Limiting section 362(h) damages only to natural persons does not leave aggrieved corporate debtors without relief. Surely, Congress did not intend to enact a toothless statute. A corporate debtor, harassed by a creditor despite the shield of the automatic stay, has a remedy under the civil contempt powers bestowed upon bankruptcy courts by section 105.[2]See 11 U.S.C. § 105; see also FED.R.BANKR.P. 9020; First RepublicBank, 113 B.R. at 279; In re Hulon, 92 B.R. 670, 675 (Bankr. N.D.Tex.1988). As an independent remedy is available to corporate debtors, a literal reading of the statute is not demonstrably at odds with the intentions of its drafters. First RepublicBank, 113 B.R. at 279; Ron Pair, 489 U.S. at 240, 109 S.Ct. at 1030.[3]
CONCLUSION
For the foregoing reasons, the court concludes that 11 U.S.C. § 362(h) does not apply to corporate debtors. The Debtor, therefore, has no standing to invoke that section. The Debtor's Motion is dismissed without prejudice to filing an appropriate *929 action for civil contempt pursuant to section 105.[4]
So ORDERED.
NOTES
[1] The telefaxes, submitted by the Debtor as exhibits to the Motion, bear the telephone number of the telefaxes' point of origination, X-XXX-XXX-XXXX, as well as the dates on which they were sent. The faxes were sent on or after the Petition Date.
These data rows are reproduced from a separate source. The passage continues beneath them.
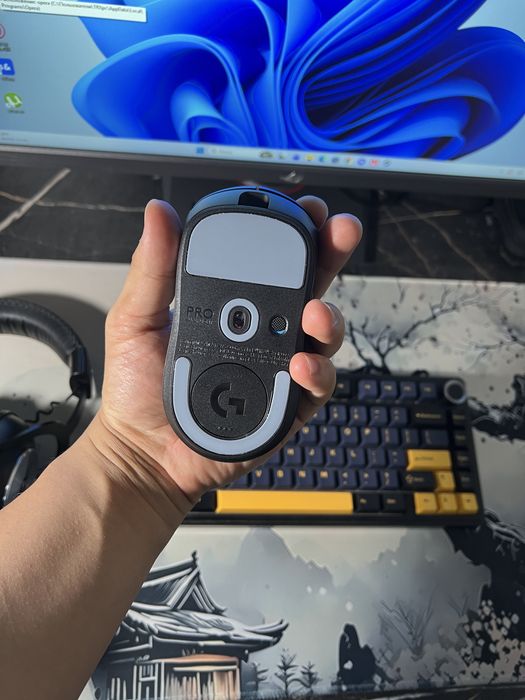 Logitech G Pro X Superlight 2 — отличное состояние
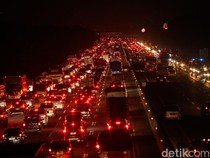 Video: Kepadatan Kendaraan Mengular di Tol Cipularang Arah Jakarta Malam Ini
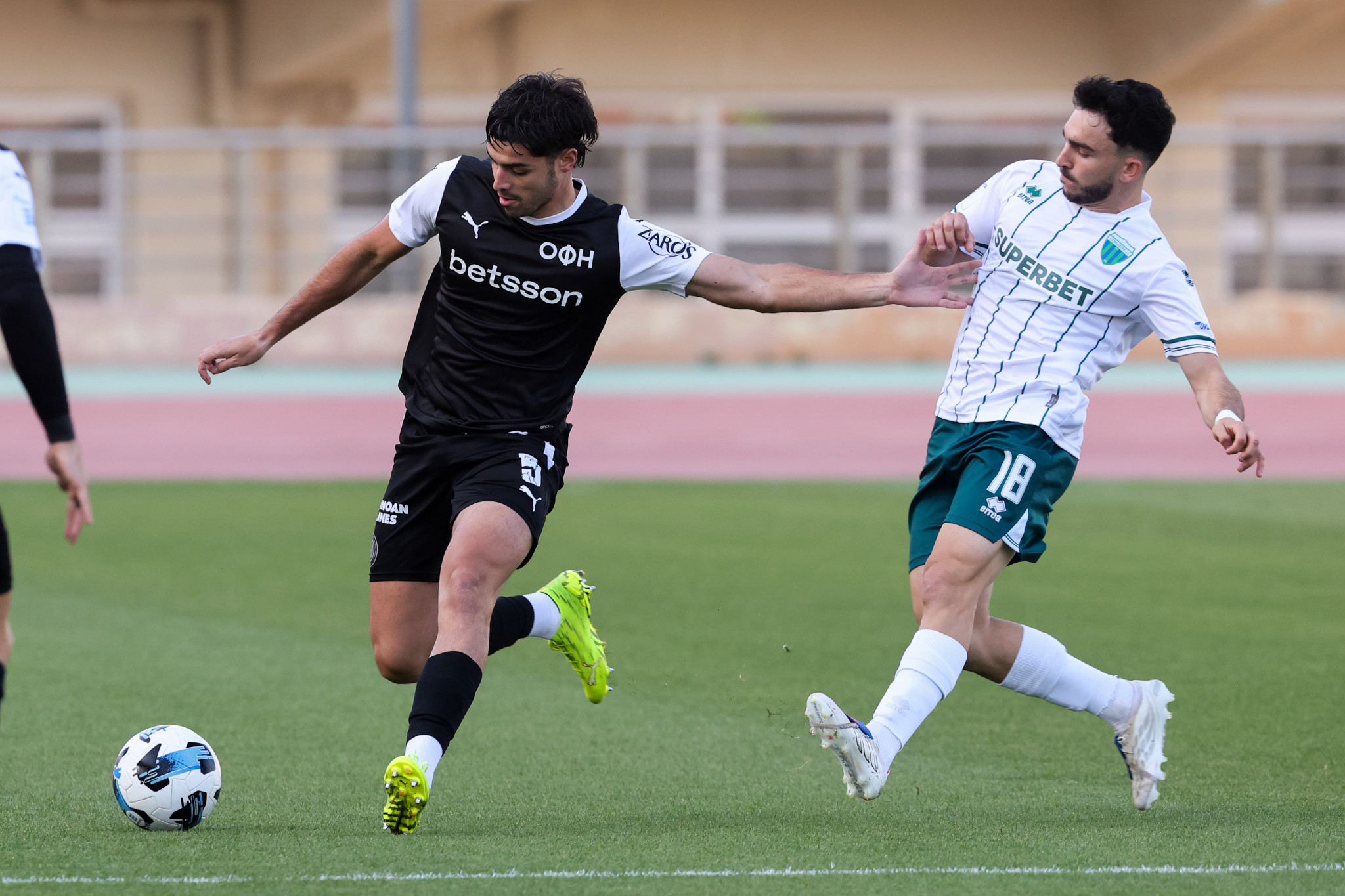 Ο Κωστούλας με σουτ βάζει τον ΟΦΗ σε θέση οδηγού! (video)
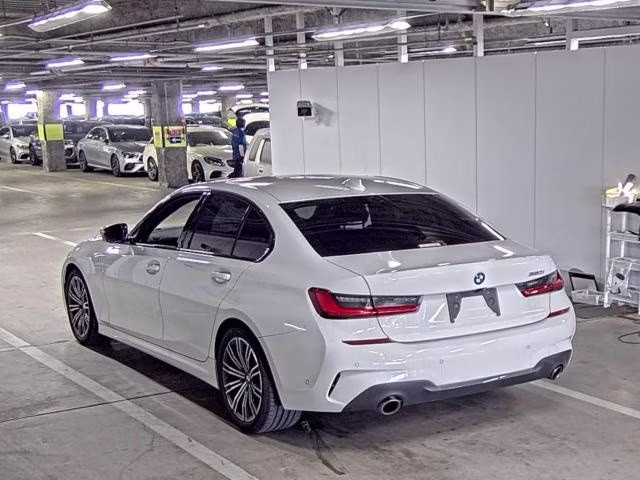 BMW 3-SERIES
[2] While section 105 may not be read to create new substantive rights, it is no stretch to read it as a source of authority to vindicate those rights already created, such as the right to be protected by the automatic stay. Indeed, if section 105 did not serve that purpose, it is difficult to imagine why else it was even enacted.
[3] We are thus relieved from having to ignore the plain language of the statute in order to fill in a legislative gap. It would be better, however, if Congress simply cleared up the confusion by expressly extending the provisions of section 362(h) to apply to all debtors, not just individuals.
[4] The court, by independent motion, has determined that the venue for this action should be transferred to the District of Utah, where such action should be initiated.